Summary: Let $$S= \text{Spec} (A)$$ be a noetherian affine scheme, $${\mathcal X}\to S$$ and $$S$$-formal curve isomorphic to $$\text{Spf} ({\mathcal O}_S [[T]])$$, and $${\mathcal U}= \text{Spec} (A[[T]][T^{-1}])$$. Let $$G$$ be any commutative, smooth and separated $$S$$-group scheme.
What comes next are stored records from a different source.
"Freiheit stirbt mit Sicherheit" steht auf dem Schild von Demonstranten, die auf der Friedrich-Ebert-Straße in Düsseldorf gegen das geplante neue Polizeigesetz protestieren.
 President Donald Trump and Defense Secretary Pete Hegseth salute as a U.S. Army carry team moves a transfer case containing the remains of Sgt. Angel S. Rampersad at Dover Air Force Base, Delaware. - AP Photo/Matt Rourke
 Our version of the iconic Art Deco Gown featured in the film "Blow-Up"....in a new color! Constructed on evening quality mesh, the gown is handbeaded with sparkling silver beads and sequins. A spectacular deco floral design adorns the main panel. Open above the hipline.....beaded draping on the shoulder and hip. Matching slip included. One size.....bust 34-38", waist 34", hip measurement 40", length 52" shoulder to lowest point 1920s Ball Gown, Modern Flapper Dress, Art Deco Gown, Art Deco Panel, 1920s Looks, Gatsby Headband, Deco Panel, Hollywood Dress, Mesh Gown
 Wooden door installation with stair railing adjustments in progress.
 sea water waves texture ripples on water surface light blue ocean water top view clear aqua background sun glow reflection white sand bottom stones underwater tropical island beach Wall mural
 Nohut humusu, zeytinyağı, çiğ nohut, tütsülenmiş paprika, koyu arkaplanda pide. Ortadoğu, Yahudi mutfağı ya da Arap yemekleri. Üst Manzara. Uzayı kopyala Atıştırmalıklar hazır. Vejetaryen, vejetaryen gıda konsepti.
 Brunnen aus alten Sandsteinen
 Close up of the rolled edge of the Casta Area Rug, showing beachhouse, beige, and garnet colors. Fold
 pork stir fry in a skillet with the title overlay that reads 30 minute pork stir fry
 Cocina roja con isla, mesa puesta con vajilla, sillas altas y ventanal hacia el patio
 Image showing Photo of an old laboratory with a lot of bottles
We construct an $$S$$-group extension $${\mathcal F}$$ of the completion $$\check W$$, of the universal $$S$$-Witt vector group $$W$$, by the group of units $${\mathcal O}_S [[T]]^*$$, we associate an $$S$$-functor $${\mathcal F}_{\text{omb}}$$ to $${\mathcal F}$$, we define an Abel-Jacobi morphism $$f: {\mathcal U}\to {\mathcal F}_{\text{omb}}$$, which sets up an isomorphism $\operatorname{Hom}_{S\text{-gr}} ({\mathcal F},G) \overset\sim \rightarrow G({\mathcal U}). \tag $$*$$$ We define an $$S$$-bihomomorphism $${\mathcal F}\times {\mathcal F}\to \underline {\mathbb{G}}_{mS}$$, identifying $${\mathcal F}$$ to its own dual group, and inducing the isomorphism $$(*)$$ if $$G= \underline {\mathbb{G}}_{mS}$$.

### MSC:

 14L05 Formal groups, $$p$$-divisible groups 14L15 Group schemes 14G20 Local ground fields in algebraic geometry 13K05 Witt vectors and related rings (MSC2000)

### Keywords:

formal curve; Witt vector group; group scheme